## What the task requires
Your copy should start at the line with "The Sims 3: High-End Loft Stuff (PC)" and end at the line with "Location Appartement F5 Alger Souidania" in the data below. Transcribe only those lines, exactly, pictures excluded.

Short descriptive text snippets
········

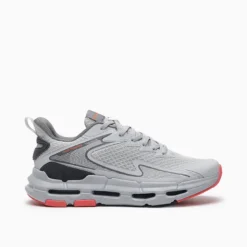 Zapatillas Hush Puppies Gris Beck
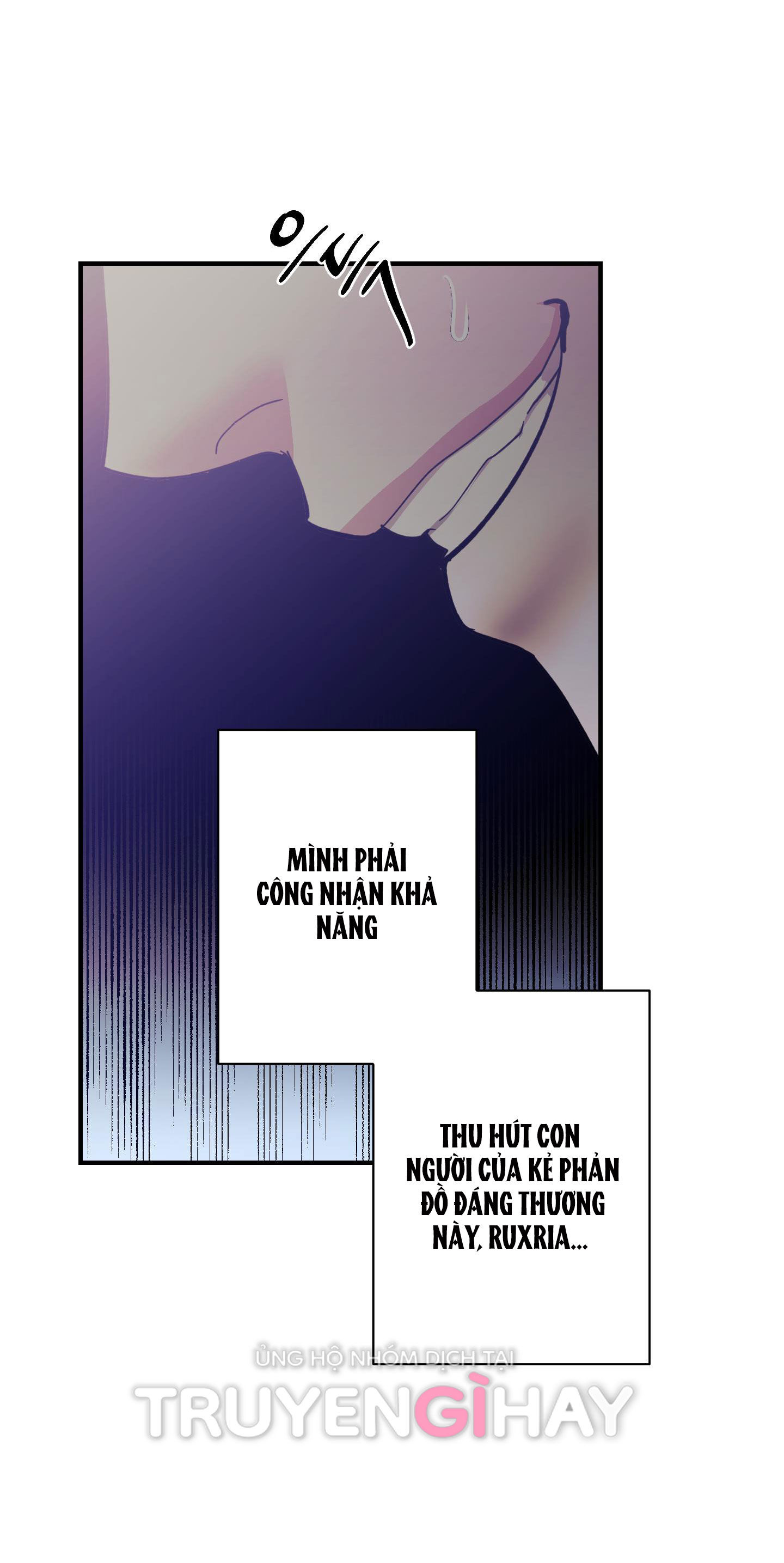 [18+] một lòng một dạ chapter 38.2 26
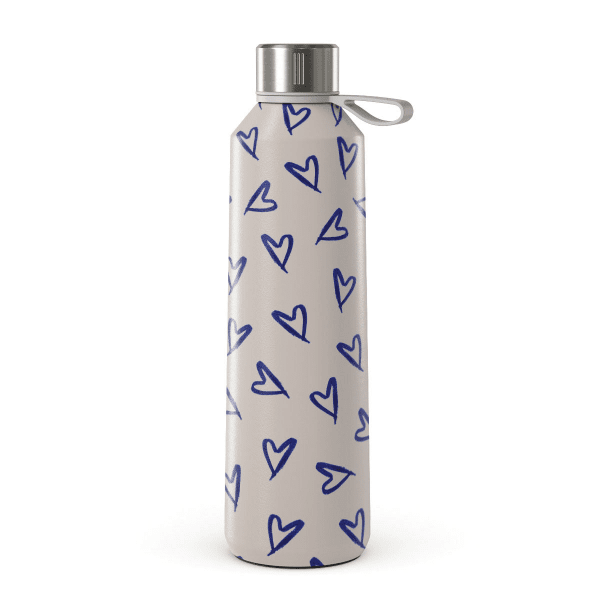 Burga Flaskatermos 800 ml Love Me Right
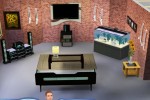 The Sims 3: High-End Loft Stuff (PC)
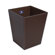WS Bath Collections Ecopelle Waste Basket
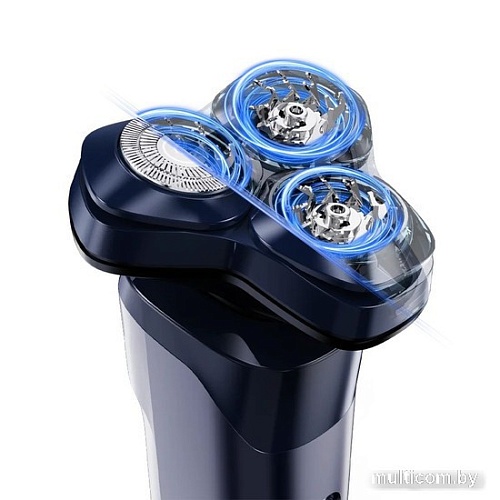 Электробритва Beheart G500SE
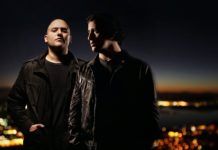 ALY & FILA, la formación egipcia más importante del sonido Trance, llega a Madrid.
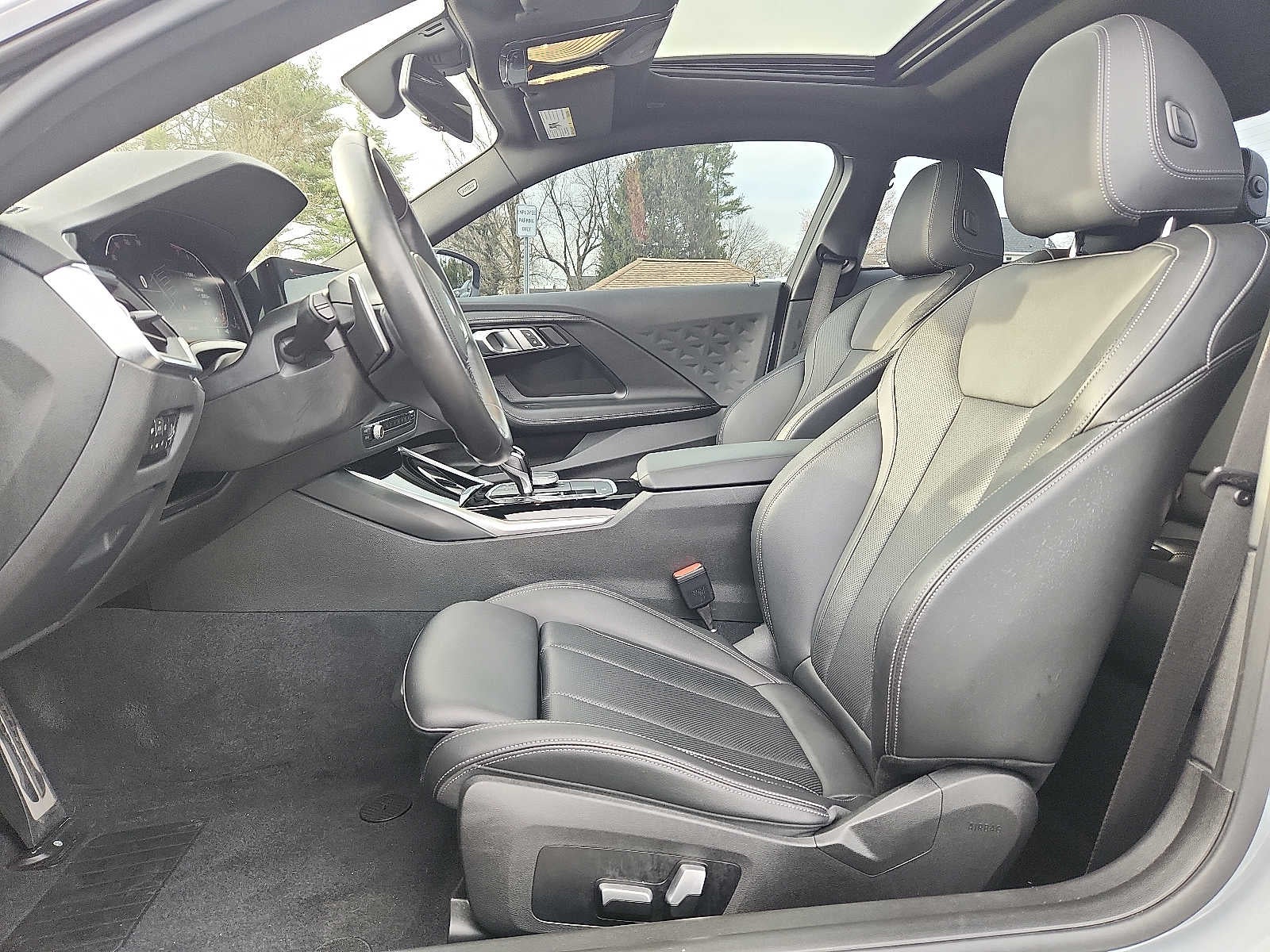 2022 BMW 2 Series 230i Coupe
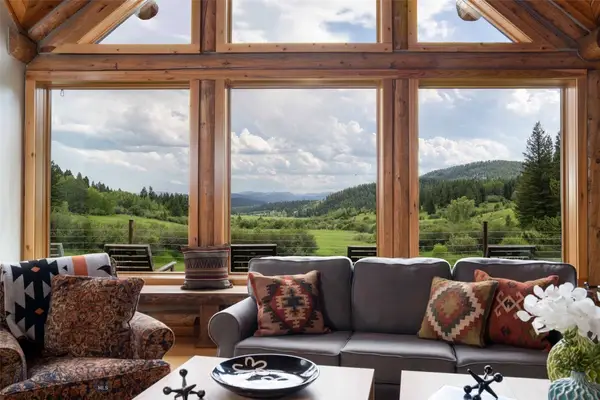 14200 Flaming Arrow Road, Bozeman, MT 59715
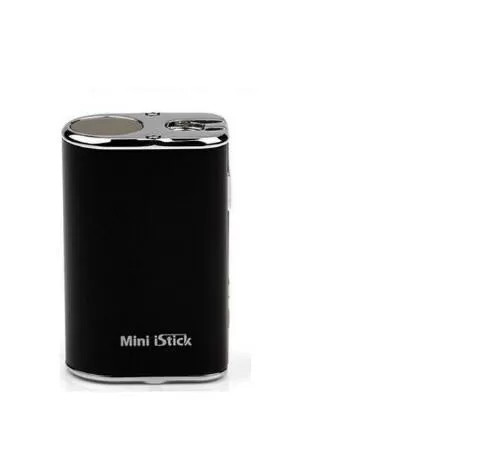 Eleaf Mini iStick 10W 1050mAh TC 18650 Battery Mod - Black - Image 3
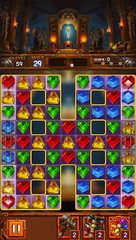Screenshot 20: Jewel Sword: Match 3 Blast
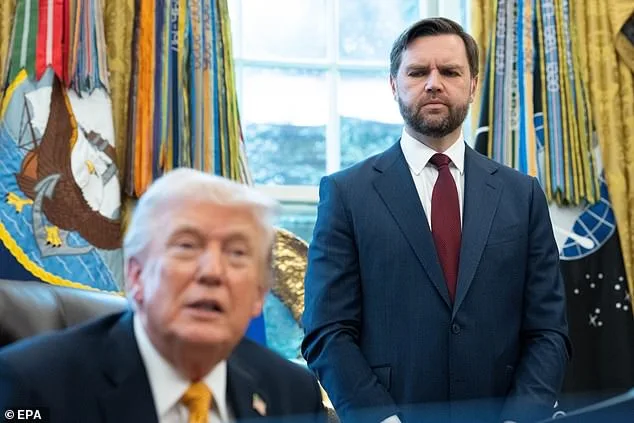 Trump Administration's Deepening Rift Over Iran Conflict as Ex-NCTC Director Accuses Israel and Allies of Manipulating Policy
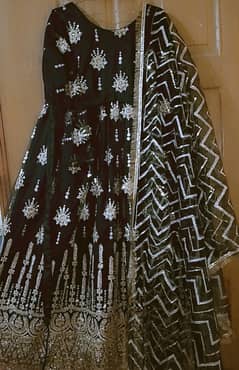 dresses in good condition maxi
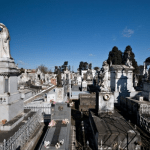 Cemitério Santa Casa de Caridade de Bagé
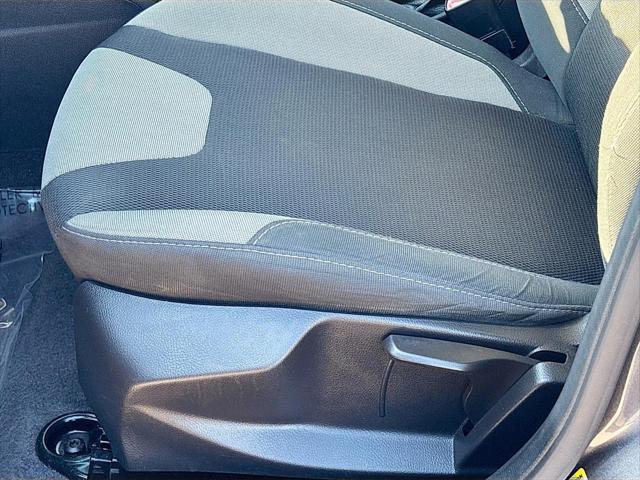 used 2012 Ford Focus car, priced at $4,997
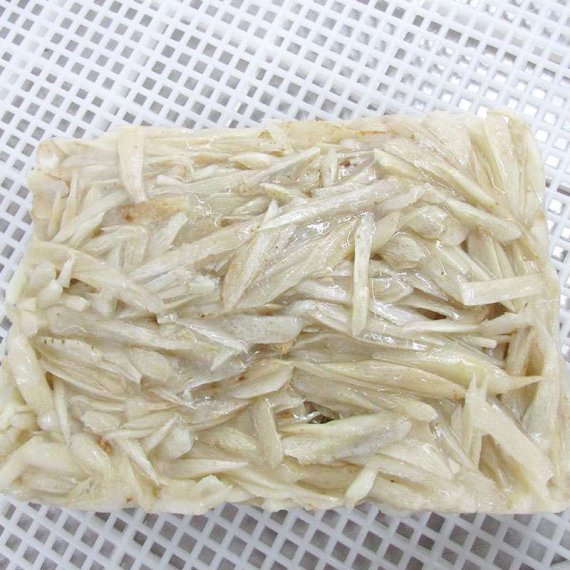 BQF牛蒡削（盘冻）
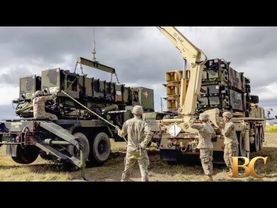 NATO to coordinate regular and large-scale arm deliveries to Ukraine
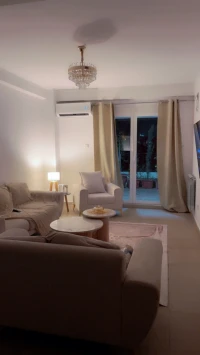 Location Appartement F5 Alger Souidania
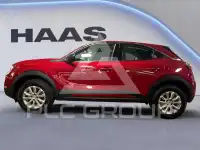 2025 Opel Mokka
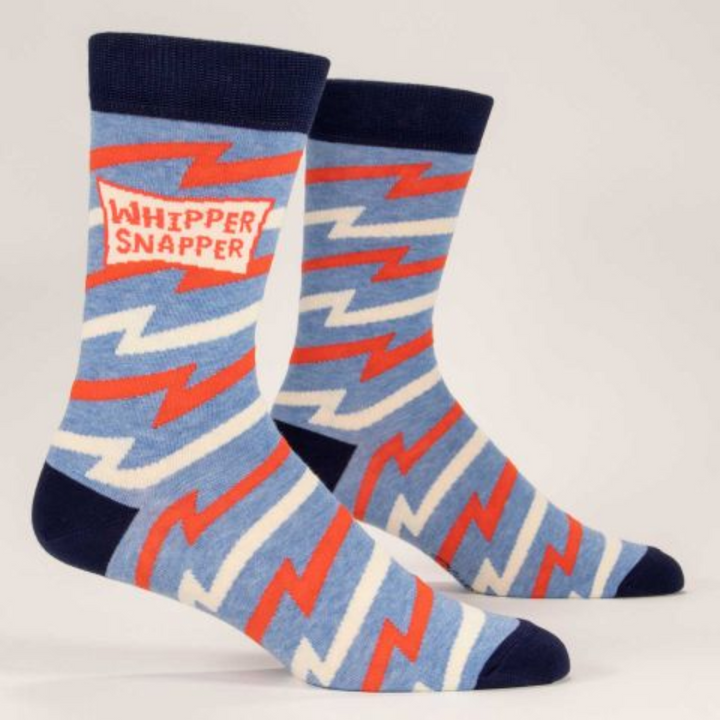 Whippersnapper Mens Socks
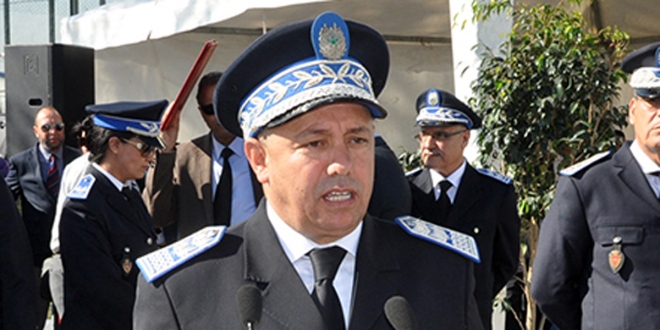  وفاة مولود أوخويا.. والي الأمن الذي حل أكثر جرائم السطو المسلح غموضا بالمغرب 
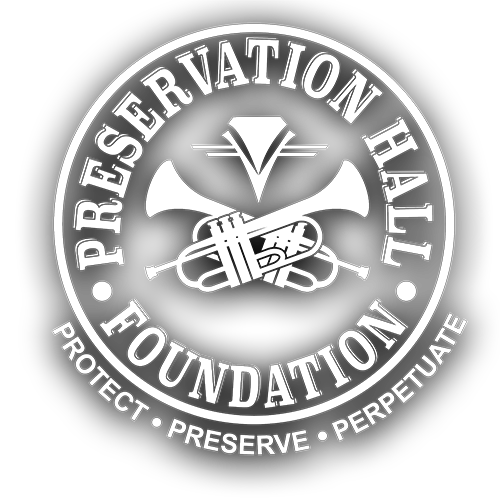 Preservation Hall Foundation Inc logo
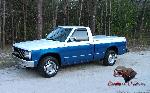 1989 Chevy S-10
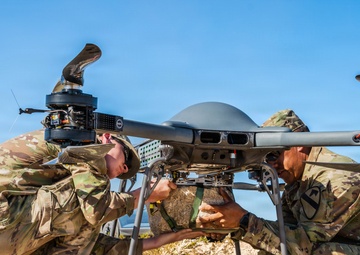 First Team prepares for NTC rotation 26-02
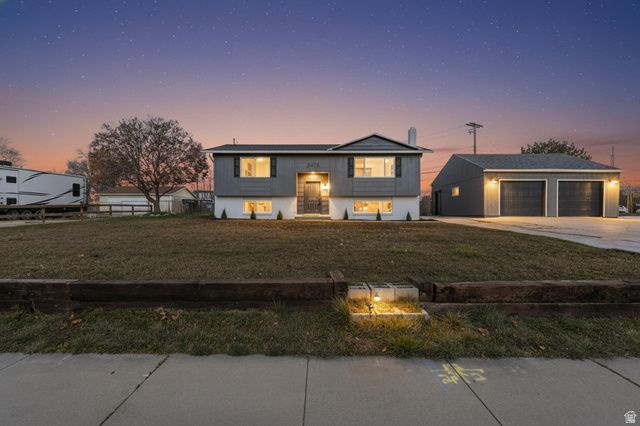 3475 S BLUFF RD, Syracuse, UT 84075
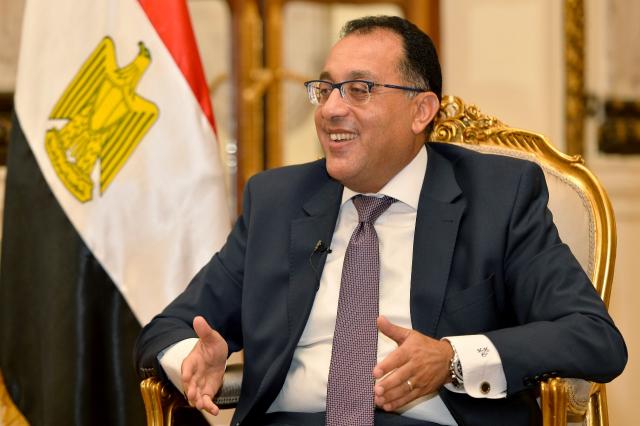 مدبولي-الطريق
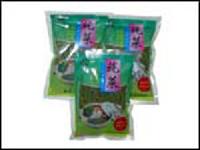 Bagged Water  Shield 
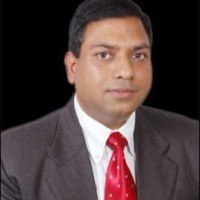 Acuity Analytics Employee Shailendra Gupta's profile photo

········

## Expected output
 The Sims 3: High-End Loft Stuff (PC)
WS Bath Collections Ecopelle Waste Basket
 Электробритва Beheart G500SE
 ALY & FILA, la formación egipcia más importante del sonido Trance, llega a Madrid.
 2022 BMW 2 Series 230i Coupe
 14200 Flaming Arrow Road, Bozeman, MT 59715
 Eleaf Mini iStick 10W 1050mAh TC 18650 Battery Mod - Black - Image 3
Screenshot 20: Jewel Sword: Match 3 Blast
 Trump Administration's Deepening Rift Over Iran Conflict as Ex-NCTC Director Accuses Israel and Allies of Manipulating Policy
 dresses in good condition maxi
 Cemitério Santa Casa de Caridade de Bagé
 used 2012 Ford Focus car, priced at $4,997
 BQF牛蒡削（盘冻）
 NATO to coordinate regular and large-scale arm deliveries to Ukraine
 Location Appartement F5 Alger Souidania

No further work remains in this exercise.